Еще острее тема отвержения праха отцов предстает в финале главки 28: "Домой я вернулся один, потому что маман то и дело замечала знакомых и с ними задерживалась. Оживленная, придя после меня, она стала ругать мне какого-то "кандидата на судебные должности", у которого умер отец, а он запер его и всю ночь, как ни в чем не бывало, прогулял в Шавских Дрожках. Тогда я сказал ей, что "это естественно, так как противно сидеть в одном помещении с трупом". Внезапно она стала рыдать и выкрикивать, что теперь поняла, чего ждать от меня. Целый месяц потом, посмотрев на меня она вытирала глаза и вздыхала. Это было бессмысленно и возмущало меня" (с. 169-170). "Апофеоз" темы связано с именем "двойника-антипода" Олехновича: "С учеником Тарашкевичем я отыскал возле станции кран, и мы долго под ним, оттирая песком, мыли губы. Они от мощей, нам казалось, распухли, и с них не смывался какой-то отвратительный вкус" (с. 175).

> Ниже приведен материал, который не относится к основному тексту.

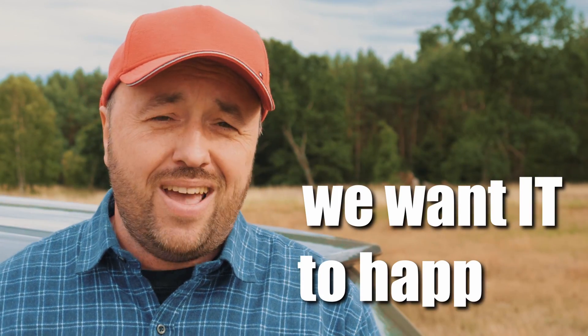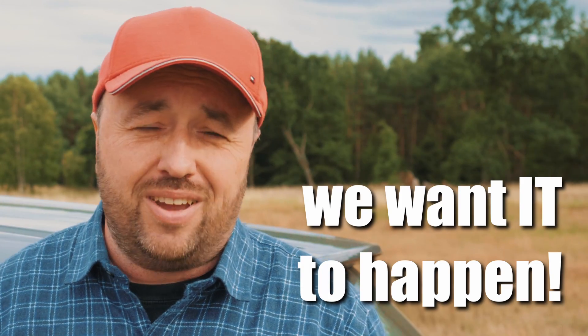If you want this to work, there is a very simple thing you can actually do: just contact Woxnail and tell them, 'Hey guys, we want to have iNav working perfectly with your HD system.' If they don't know you want it, they probably will just never guess it.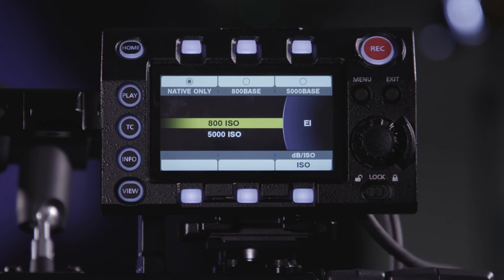800 is the base sensitivity for normal shooting conditions. Normal shooting conditions can be daylight exteriors, daylight interiors, and evening interiors. So 800 ISO should be used for controlled environments that are generally well-lit and controlled.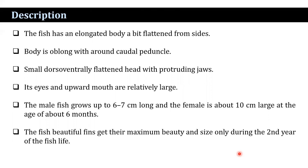Its eyes and upward mouth are relatively large. The male fish grows up to six to seven centimeters long, and the female is about 10 centimeters at the age of six months. The fish's beautiful scales get their maximum beauty and size only during the second year of the fish's life.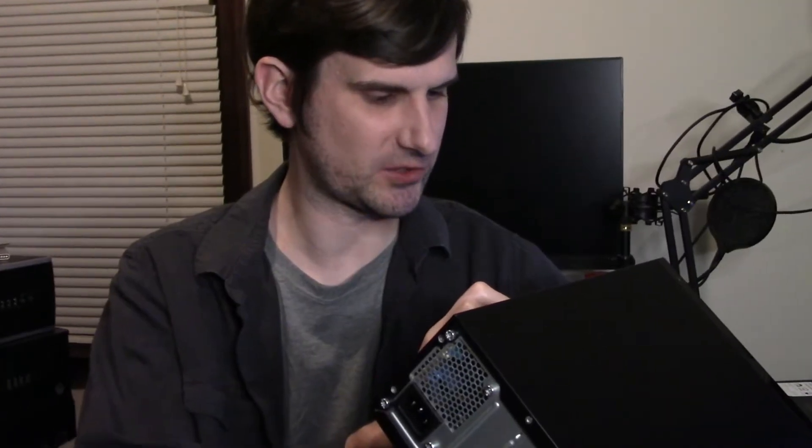I figured since I'm doing it for the video, I might as well just do a quick tutorial on that as well. This model specifically is the HP Slimline 270-P043W, which — I don't know why they couldn't just call it the Slimline 270 or something.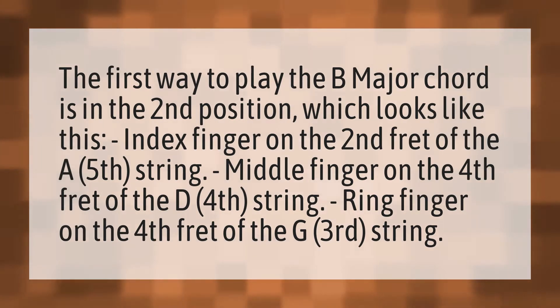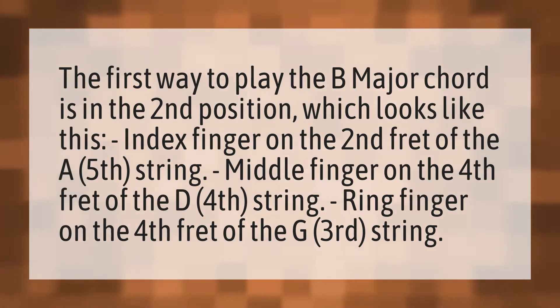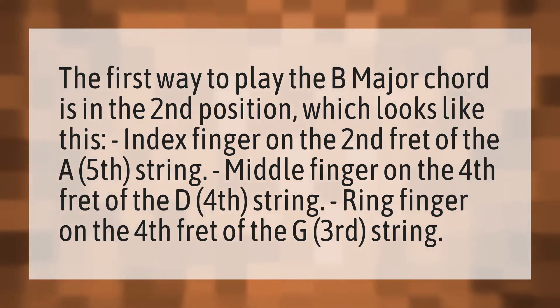The first way to play the B major chord is in the second position. Index finger on the second fret of the A fifth string. Middle finger on the fourth fret of the D fourth string. Ring finger on the fourth fret of the G third string.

Отдельную линию в романе "прочерчивает" тема 'смерти отца'. В главах 1-8 отец связан с важнейшим у Фёдорова мотивом праздника Пасхи и своеобразной "патриархальностью", видимым знаком которой, как и у Фёдорова, является 'борода': "Вечером прибыли гости, и мы рассказали им о резиновых шинах. - Успехи науки, - подивились они. Бородатые, как в "Священной истории", они сели за карты. Отец между ними казался молоденьким" (с. 116). "Гремя пролетками, подкатывали гости и, коля нас бородами, поздравляли нас. Маман сияла. - Закусите, - говорила она им. С руками за спиной, отец похаживал. - Пан христус з мартвэх вста, - довольный, напевал он. Отец Федор прикатил и, затянув молитву, окропил еду" (с. 123).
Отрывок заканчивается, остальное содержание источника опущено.